Das gesamte Defizit der Charité lag im vergangenen Jahr bei 19,5 Millionen Euro. Davon entfielen auf das UKBF 12,5 Millionen Euro. Die 1100 Betten waren im vergangenen Jahr nur zu 78 Prozent belegt. Im neuen Gutachten wurden acht Szenarien für einen Zeitraum von zehn Jahren durchgerechnet. Die wichtigsten Varianten sehen eine Schließung des Auguste-Viktoria-Krankenhauses mit seinen 480 Betten vor. Doch ist das AVK innerhalb des Vivantes-Konzerns mit 6,8 Millionen Euro Gewinn (2009) das profitabelste Haus und bei den Patienten sehr beliebt. Die weiteren Überlegungen in der Senats-Arbeitsgruppe: Das UKBF wird entweder von der Charité weitergeführt oder der Krankenhausbetrieb von Vivantes übernommen. Forschung und Lehre könnten in Steglitz bleiben oder nach Mitte umziehen. Die dritte Variante: Charité und Vivantes betreiben das Benjamin Franklin künftig gemeinsam.

Spätestens nach der gestrigen Parlamentsdebatte sind das nur noch Planspiele am grünen Tisch. Auch CDU und FDP machten deutlich, dass sie das Benjamin-Franklin-Klinikum nicht aufgeben wollen. Der CDU-Abgeordnete Nicolas Zimmer sprach sich auch klar gegen eine Schließung des AVK aus. Die Grünen hielten sich mit eigenen Vorstellungen zurück und waren enttäuscht, dass ihre Große Anfrage zur Zukunft von Charité und Vivantes von Zöllner mit Rücksicht auf die interne Senatsdebatte nur sehr allgemein beantwortet wurde.

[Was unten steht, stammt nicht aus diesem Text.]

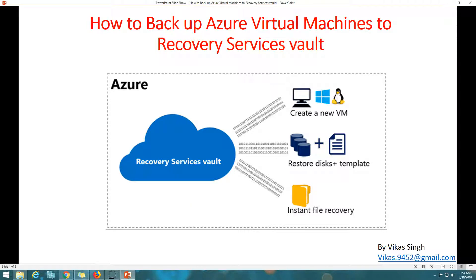Hi friends, welcome to my channel. Today in this video I'm going to show you how to backup an Azure virtual machine to a recovery service vault. A recovery service vault is a container where you can create and schedule backups of virtual machines running on Azure cloud as well as on-premises in your hosted data center. We are going to create a recovery service vault, configure a backup policy, and start backing up the virtual machines.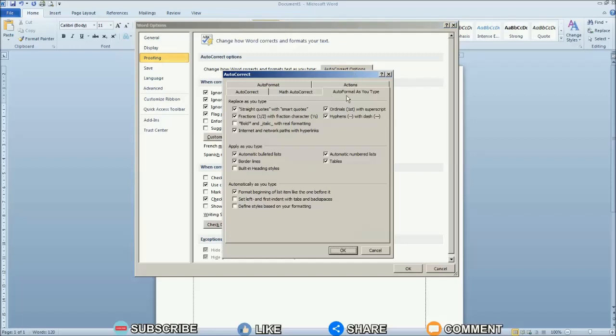Then a new Autocorrect window will appear. Then select the Autoformat as you type Menu and check the box, Set Left and First Indent with Tabs and Backspace.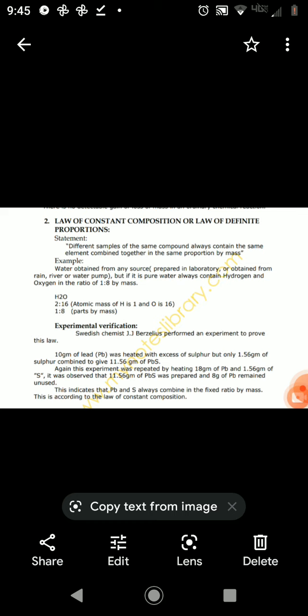For this law, I would like to give you an example. For example, we have the compound water, H2O. If you take different samples of water, whether it is laboratory water, rain water, or river water, the water will be formed when two parts hydrogen and one part oxygen are combined in a fixed proportion.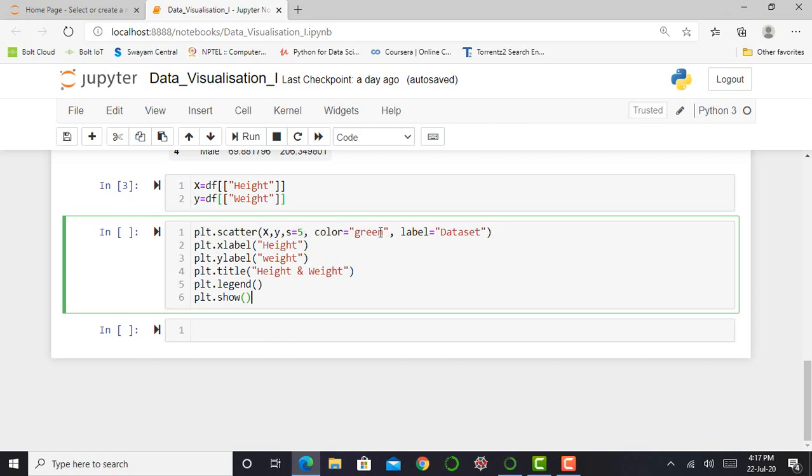I mentioned my color of my data point in green and I use the marker as 'o' for dataset. Then I give name to x-axis as height and give name to y-axis as weight. By simply typing plt.xlabel and plt.ylabel we can mention the x and y axis. And I mention the title of my graph by simply typing plt.title and in parentheses height and weight.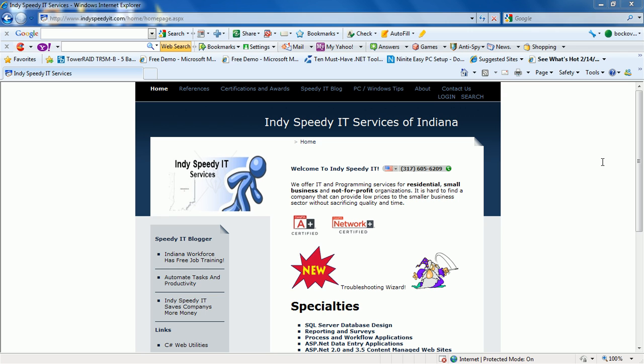My name is Terry Bokover and I'm owner-operator of IndySpeedy IT Services of Indiana. You can reach us on the web at www.indyspeedit.com and from there you can get contact information and call us to schedule any time that you need advanced computer repair or custom programming. We serve the central Indiana area for the last 10 years.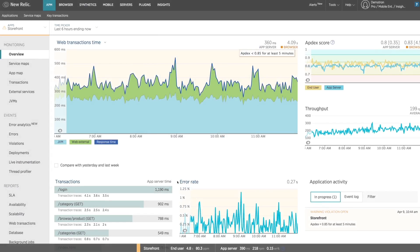In this video I'm going to show you how New Relic APM can help you quickly address production outages without ever having to log into a machine or sift through massive log files.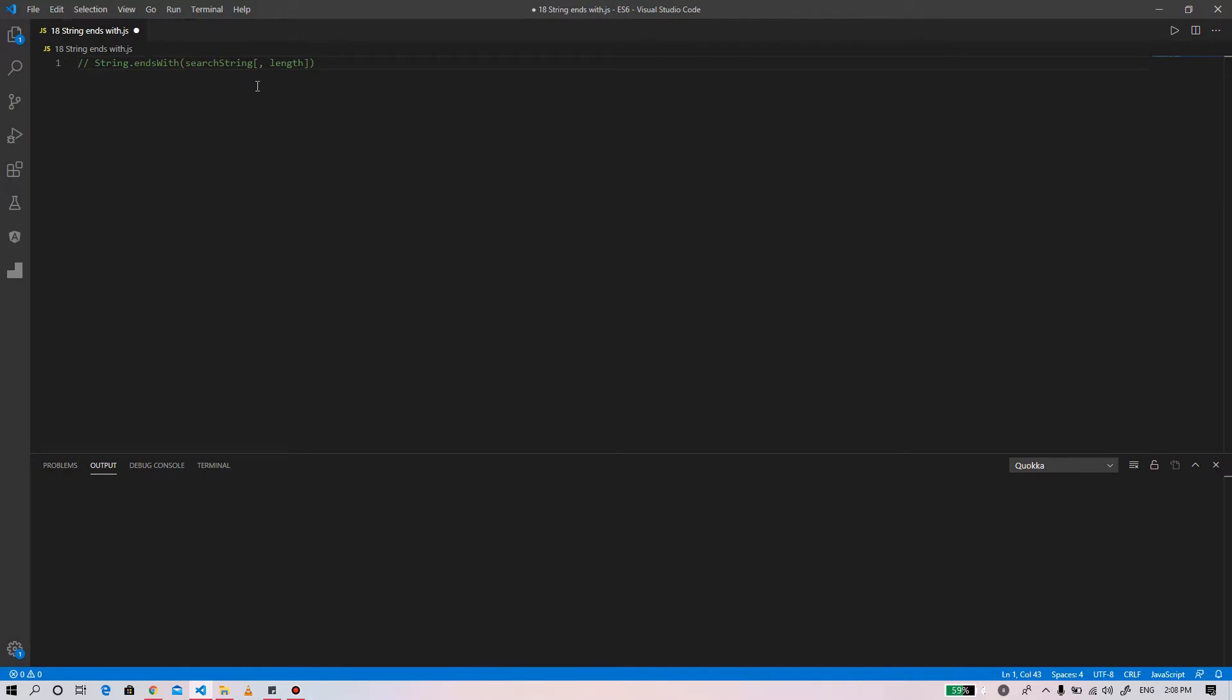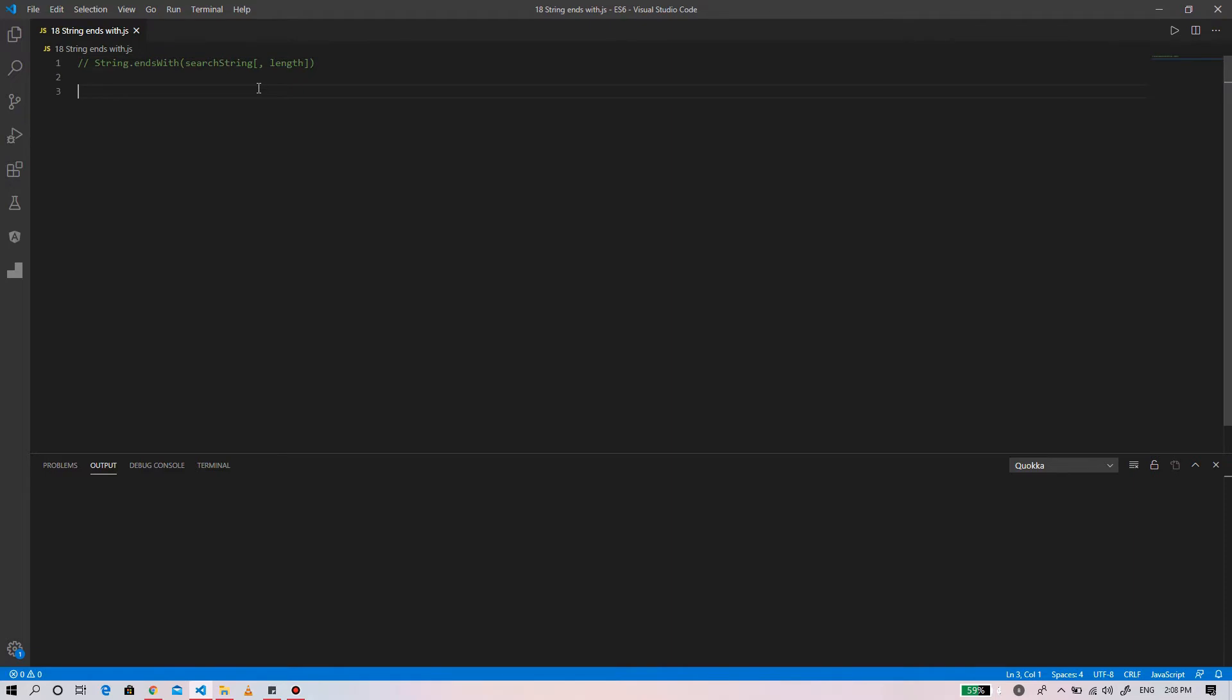Here is the syntax of string endsWith. The first argument, search string, is the character to be searched for at the end of the string. Whereas the length is an optional parameter that determines the length of the string to search. If no value is supplied, the default length is the length of the string.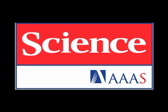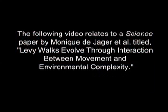Monique de Jager, along with colleagues from the Netherlands Institute of Ecology and the University of Groningen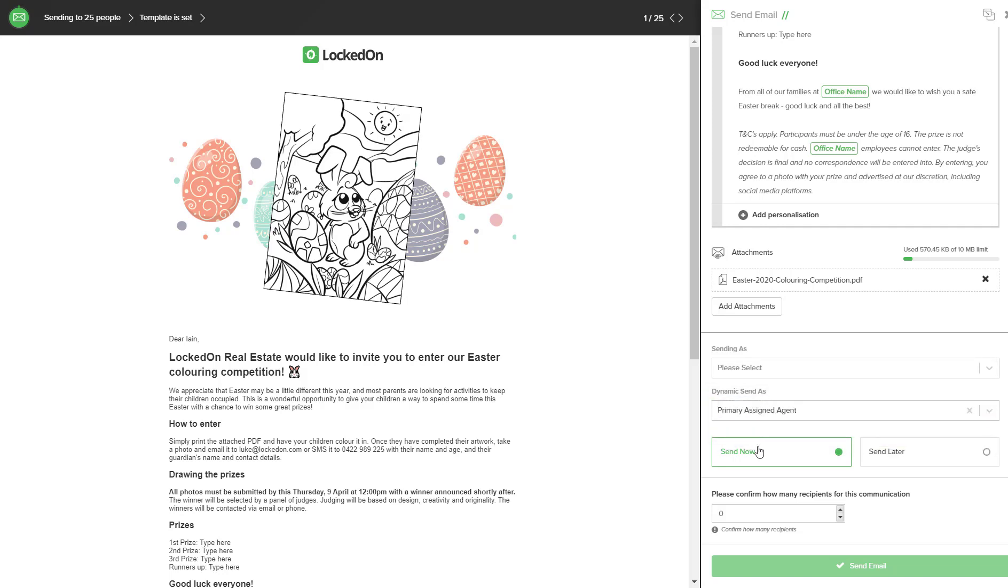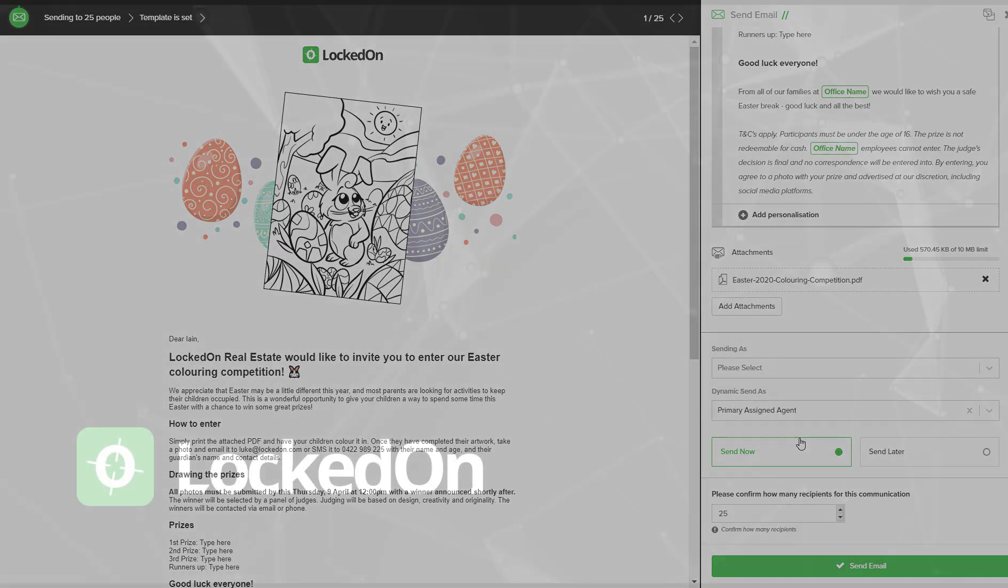You will then be able to use the send now option and confirm how many people it's going to. Once you have entered this number simply hit the send option and your Easter coloring in competition will be sent to your database with the attached PDF so that their children can color in the competition and send you back their entries.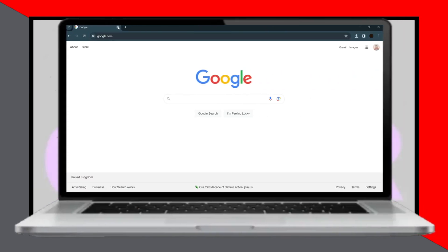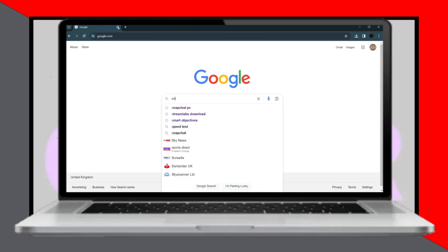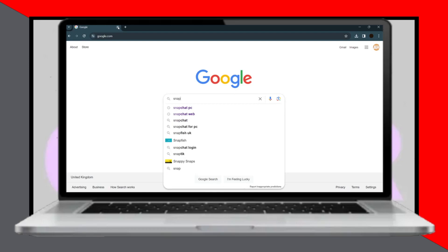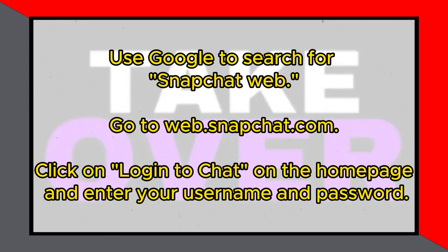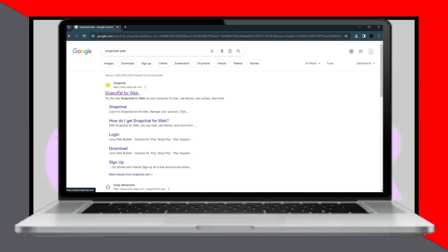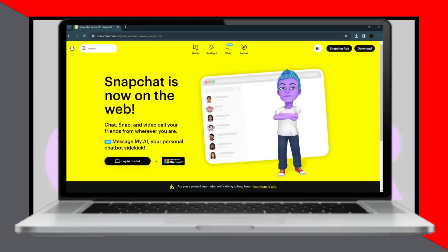Using Snapchat on PC in 2024 is a straightforward process. Today, I'll guide you through it. First, open your browser and search for Snapchat Web. Go to the website web.snapchat.com. On their homepage, click on Login to chat. This will open a new tab where you'll need to enter your username and password.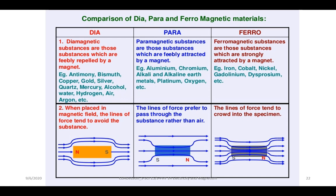Ferromagnetic substances are those substances which are strongly attracted by a magnet. For example, iron, cobalt, nickel, gadolinium, dysprosium, and some other materials. In this diagram, the lines of force tend to crowd in the specimen.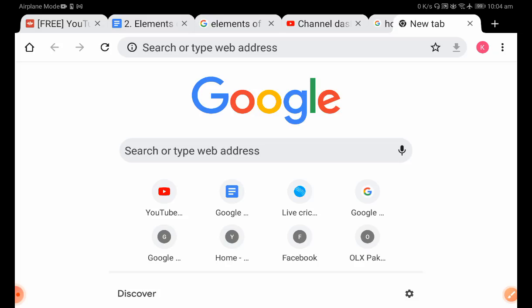So instead of switching on the PC again and again, I'll show you how you can use Google Docs in your mobile phone, Android, Safari, or any sort of tablet.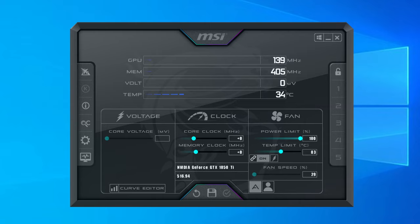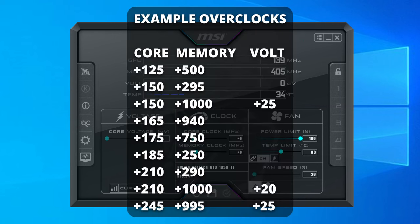You can save your current settings to a profile by clicking the save button, then clicking on one of the profiles along the right-hand side. Finally, you can have the current settings automatically apply at Windows startup by clicking the Windows icon in the upper right corner. Now, I'm going to put a list of successful GTX 1050 Ti overclocks on the screen and in the description. Every card is different, but this should give you a nice starting point for potential overclock values that may work for you.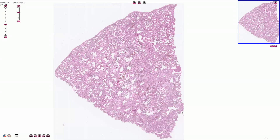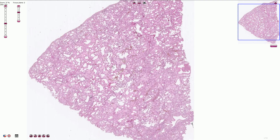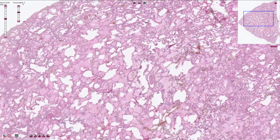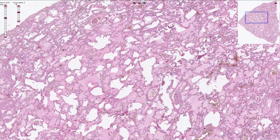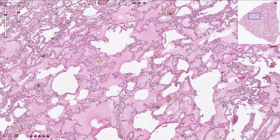Here we have a piece of the pulmonary parenchyma affected by severe pulmonary edema. Almost all the alveoli are filled with a slightly eosinophilic edematous fluid. This is the pleura on the outer surface of the lung, and on higher magnification we can see alveoli with the inter-alveolar septi.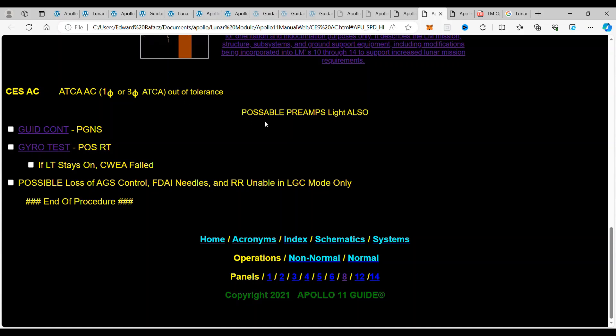Also, you might get a preamps light in a caution and warning section too. So you might get these simultaneous. So there's a couple things you do to look into this. And the first thing you do is you go to the guidance controller and you put it in the PGN. Guidance controller goes into the PGNS, that's the guidance navigation system.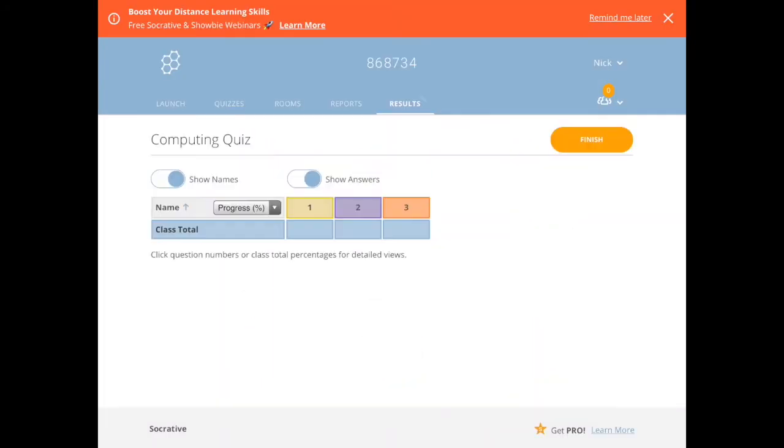I press Start, and away we go. The children connect with the quiz by typing in my room name, which is at the top there: 868734. So there you go—that's how you create a quiz on Socrative.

Die SPD-Abgeordnete Stefanie Winde forderte den Senat auf, ein Konzept für die gesamte Stadt, nicht nur für den Südwesten, „zeitnah“ vorzulegen. Der Linken-Abgeordnete Wolfgang Albers warnte vor einem weiteren Personalabbau bei Charité und Vivantes. Die Schmerzgrenze sei erreicht.